Tiered storage (Preview) doesn't impact SSD autoscaling described in the Determine the storage utilization target section of this document. When you enable infrequent access as part of tiered storage, autoscaling additionally makes sure that the combined SSD and the infrequent access storage doesn't exceed the limit of 32 TB per node. When the limit is reached, Bigtable scales up automatically.

For example, on an SSD cluster, if you set a storage utilization target of 2.5 TB (50%) per node, and your infrequent access usage is high enough to push the storage usage with tiered storage over the limit, Bigtable adds nodes. This happens even if your SSD usage remains within the 50% target.

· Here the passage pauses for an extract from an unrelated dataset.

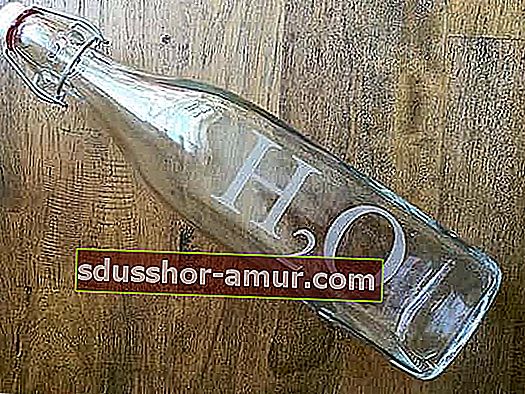 Steklenica je zdrava alternativa plastični steklenici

The following table helps you understand how autoscaling recommends a node count based on both the SSD usage and the infrequent access usage:

Scenario	Storage utilization target	Utilization percentage	SSD usage	Infrequent access usage	Combined SSD and infrequent access storage	Recommended node count
SSD usage is within the target range and there is no infrequent access usage.	5 TB	100%	Less than 5 TB	0 TB	Less than 5 TB	1
SSD usage exceeds the storage per node limit.	5 TB	100%	6 TB	0 TB	6 TB	2
SSD usage and infrequent access usage are within the tiered storage limit.	5 TB	100%	5 TB	27 TB	32 TB	1
Tiered storage usage exceeds the tiered storage limit.	5 TB	100%	5 TB	28 TB	33 TB	2
SSD usage almost exceeds the SSD usage target, and there is no infrequent access usage.	3 TB	60%	3 TB	0 TB	3 TB	1
SSD usage almost exceeds the SSD usage target, and tiered usage almost exceeds the tiered storage limit.	3 TB	60%	3 TB	29 TB	32 TB	1
SSD usage exceeds SSD storage target, and there is no infrequent access usage.	2.5 TB	50%	4 TB	0 TB	4 TB	2
Tiered usage exceeds the tiered storage limit.	2.5 TB	50%	2 TB	31 TB	33 TB	2

For more information about tiered storage, see Tiered storage overview.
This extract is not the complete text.